_YOUR ASSIGNMENT:_ Extract every record, exactly as written, and ignore the pictures.

PROVIDED DATA START

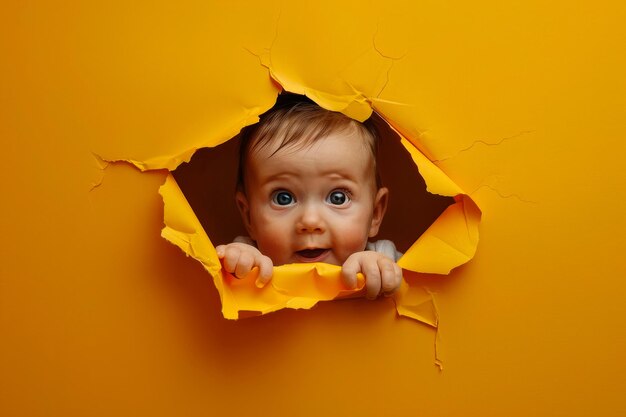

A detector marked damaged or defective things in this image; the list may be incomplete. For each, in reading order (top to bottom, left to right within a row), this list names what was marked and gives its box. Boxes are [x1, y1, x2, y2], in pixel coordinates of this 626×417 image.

torn paper hole [160, 92, 478, 324]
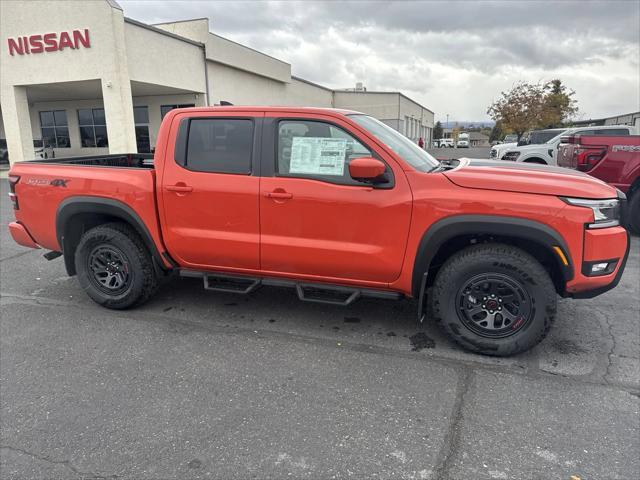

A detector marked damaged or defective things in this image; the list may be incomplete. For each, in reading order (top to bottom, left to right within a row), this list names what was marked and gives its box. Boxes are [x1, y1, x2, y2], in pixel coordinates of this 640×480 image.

pavement crack [0, 444, 117, 478]
pavement crack [432, 368, 472, 476]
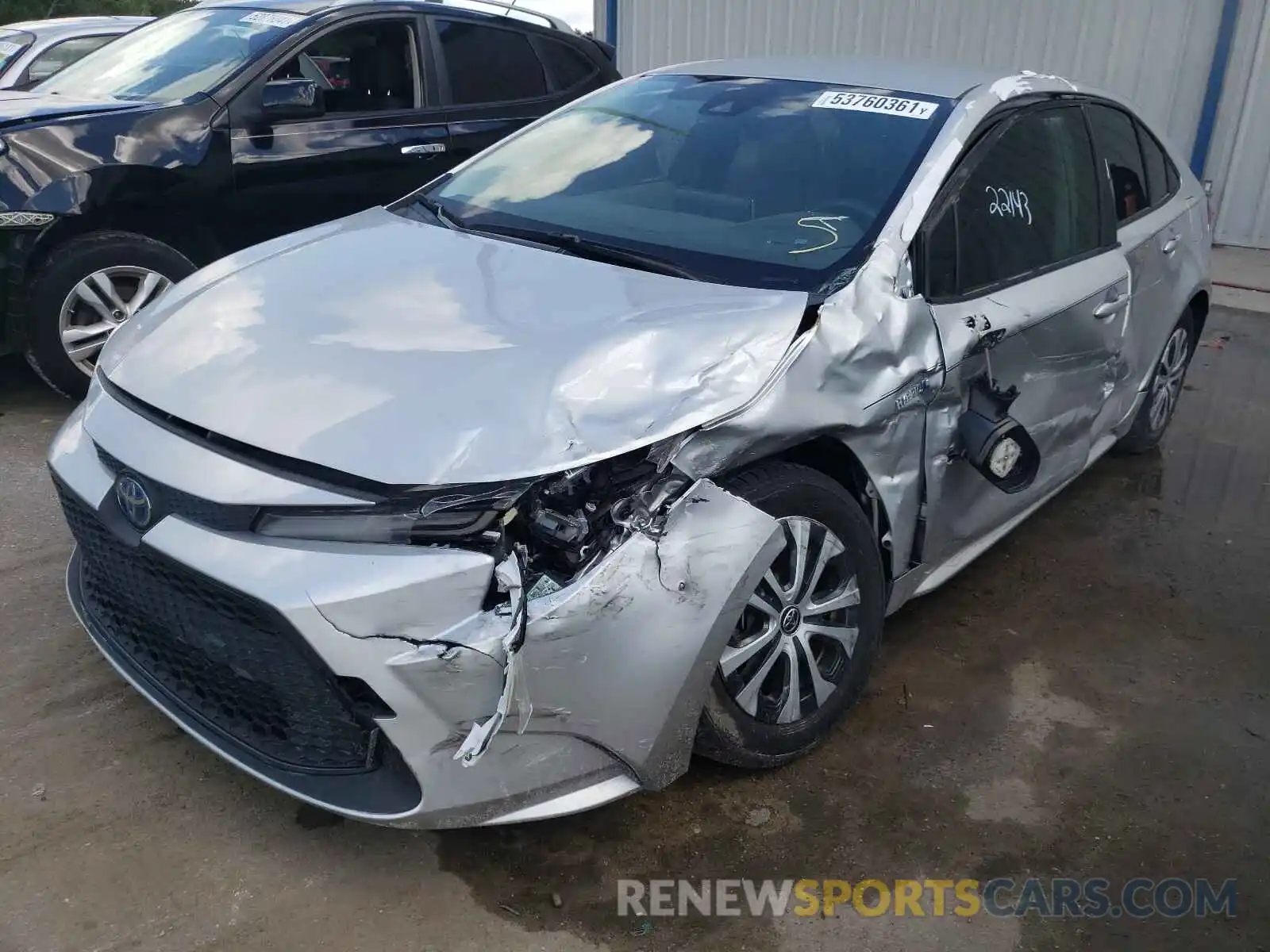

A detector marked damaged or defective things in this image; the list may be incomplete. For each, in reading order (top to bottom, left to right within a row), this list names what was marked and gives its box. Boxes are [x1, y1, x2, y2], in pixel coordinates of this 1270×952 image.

PROVIDED DATA END

_RESULT OF THE EXERCISE:_
A detector marked damaged or defective things in this image; the list may be incomplete. For each, in reading order (top to bottom, left to right within a row), this list names what was marked and gives its box. Boxes are [x1, y1, x2, y2], in pixel coordinates of this 626×417 image.

torn paper hole [160, 92, 478, 324]

A detector marked damaged or defective things in this image; the list may be incomplete. For each, in reading order (top to bottom, left to right within a row), this list names what was marked and gives its box. Boxes are [x1, y1, x2, y2], in pixel coordinates of this 640×480 image.

pavement crack [0, 444, 117, 478]
pavement crack [432, 368, 472, 476]

A detector marked damaged or defective things in this image; the list may be incomplete. For each, in reading order (top to bottom, left to right within a row), this list names what was marked and gives its box. Boxes are [x1, y1, x2, y2], in pixel coordinates of this 1270×952 image.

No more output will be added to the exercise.